Il prof più amato d’Italia spiega perché sbagliamo tutti a fare il caffè con la moka

Il caffè perfetto esiste (ma bisogna seguire una regola che pochi conoscono)

Lorenzo Fogli

24 Agosto 2025

Ogni mattina milioni di italiani iniziano la giornata con un gesto rituale: preparare il caffè. C’è chi affida il primo sorso di energia a capsule e macchinette moderne, e chi continua a usare con pazienza la vecchia moka. Ma pochi si domandano cosa accada davvero dentro quella piccola caffettiera, mentre l’acqua sale e il profumo invade la cucina. A far luce — è il caso di dirlo — su questo mistero quotidiano, è intervenuto Vincenzo Schettini, il noto professore di fisica diventato un volto familiare sui social.

Schettini, con il suo stile semplice e diretto, ha spiegato come la fisica possa migliorare la preparazione del caffè. Unendo teoria e pratica, suggerisce alcuni passaggi fondamentali per ottenere un espresso “perfetto”, proprio a partire da ciò che succede tra caldaia, valvola e fornello. E il tutto ha una base scientifica precisa.

Moka, pressione e calore: come funziona davvero il caffè

Il primo consiglio del professore riguarda un dettaglio che in molti trascurano: il livello dell’acqua nella caldaia. Secondo Schettini, non bisogna mai superare la valvola. Il motivo? È tutto legato alla pressione dell’aria. L’aria contenuta tra il livello dell’acqua e il bordo superiore ha un ruolo determinante: “con il calore della fiamma, l’aria si espande, aumenta di pressione e spinge l’acqua verso l’alto attraverso il tubicino centrale”.

Il caffè perfetto esiste (ma bisogna seguire una regola che pochi conoscono)

Se si riempie troppo la moka, questo spazio d’espansione viene meno, e il meccanismo si inceppa. Senza un corretto gioco di pressioni, l’acqua non riesce a salire come dovrebbe. Ed è qui che la fisica entra nel quotidiano: più che una ricetta, si tratta di un equilibrio delicato tra forze, temperature e spinta.

Anche la quantità e la disposizione del caffè macinato nel filtro ha un suo perché. Schettini raccomanda di riempire abbondantemente, ma senza premere. Una polvere troppo pressata crea un ostacolo al passaggio dell’acqua: il liquido incontra una resistenza eccessiva, rallenta il flusso e altera il sapore. Il risultato può essere un caffè “stanco”, oppure una moka che impiega troppo tempo a completare l’estrazione.
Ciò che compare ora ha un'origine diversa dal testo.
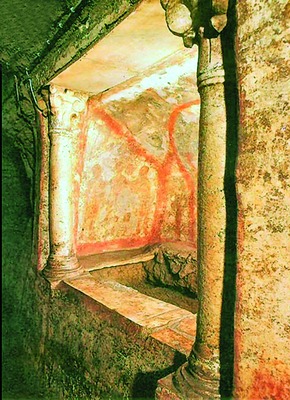 Остатки подземных захоронений в мон-ре Гроттаферрата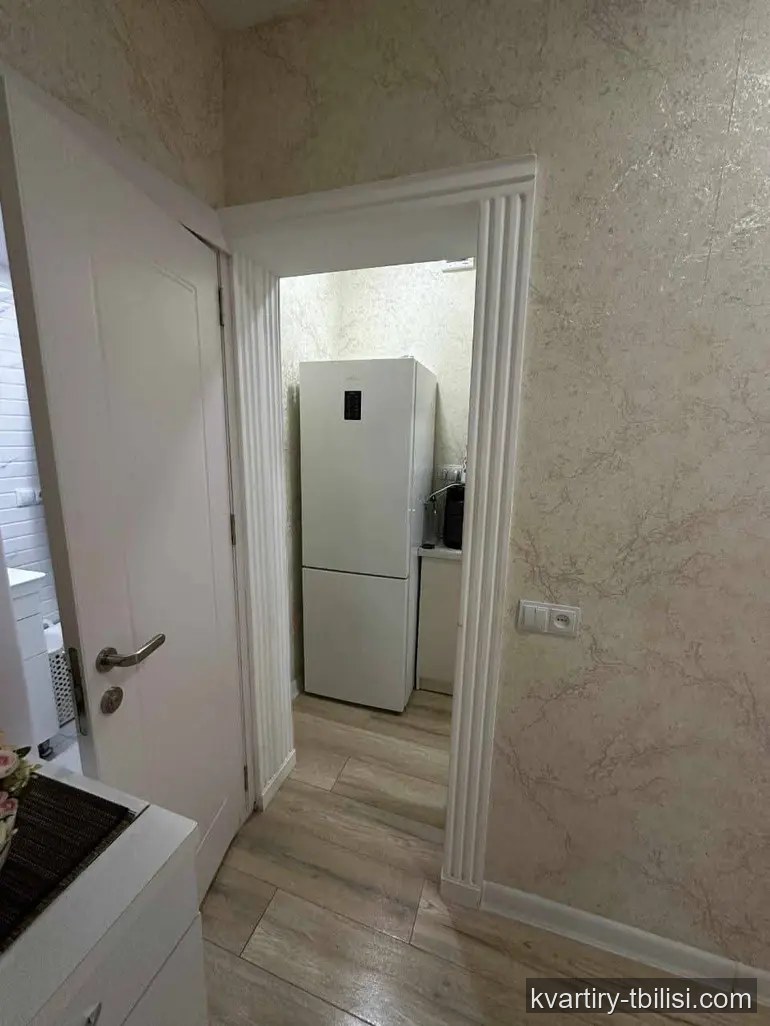 ქირავდება 1 ოთახიანი სახლი სოლოლაკში, 55 მ² — 600 USD/თვეში | Tbilisi Homes
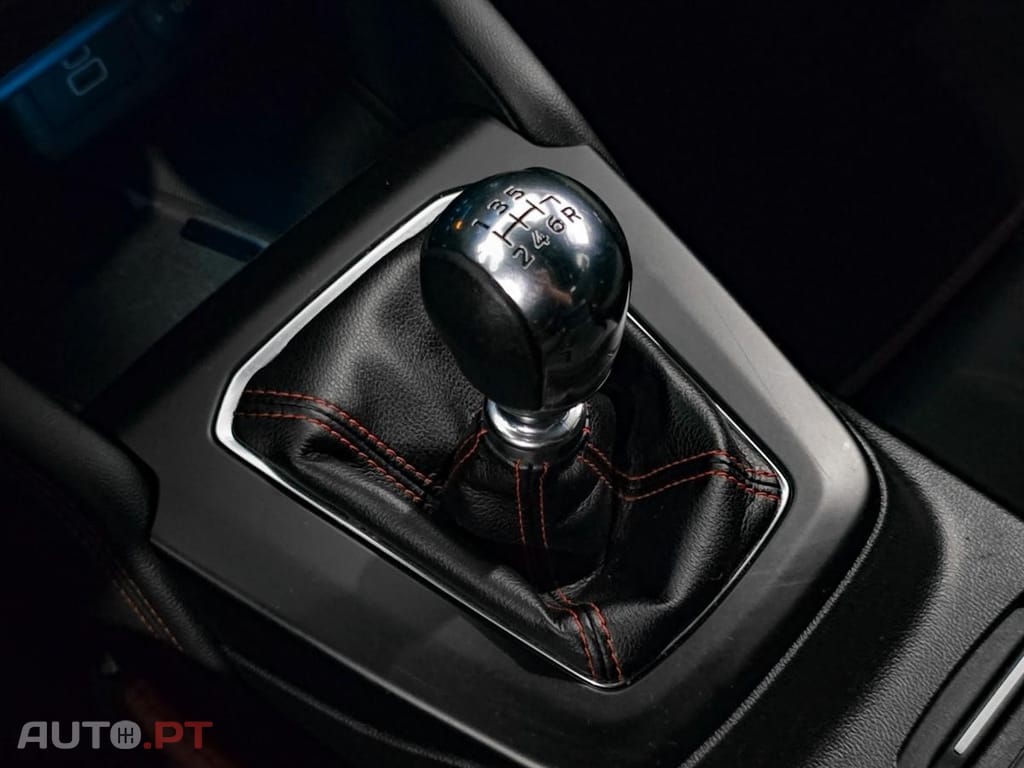 Ford Focus SW 1.0 EcoBoost MHEV ST-Line X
Il ruolo della fiamma, il borbottio finale e un errore che commettono in tanti

Anche la gestione della fiamma è determinante. Schettini consiglia di tenerla bassa, specialmente se si desidera un caffè più intenso. Questo perché l’acqua sale più lentamente e riesce ad assorbire meglio gli aromi e la caffeina contenuti nella polvere. Una fiamma troppo alta, invece, porta a un riscaldamento troppo rapido: parte del calore può bruciare direttamente la polvere, modificandone il sapore e generando note amare.

Altro errore diffuso: lasciare la moka sul fuoco anche dopo il famoso “borbottio”. Quel rumore caratteristico è in realtà un segnale fisico preciso: l’acqua nella caldaia è quasi finita, la pressione interna aumenta e l’aria comincia a risucchiare, creando quel suono intermittente e riconoscibile. A quel punto, spiega Schettini, bisogna spegnerla subito. Lasciarla sul fuoco oltre quel momento significa surriscaldare l’interno e alterare definitivamente il sapore del caffè.

Un’ultima curiosità riguarda la cuccuma napoletana, che funziona al contrario rispetto alla moka. In questo caso, infatti, è la gravità a spingere l’acqua verso il caffè. Niente pressione, nessun vapore, ma una discesa lenta e regolare. E anche qui, la fisica ha la sua parte.

Schettini chiude il suo intervento ricordando che anche nei gesti più banali — come fare il caffè — si nascondono fenomeni complessi. Basta saperli osservare.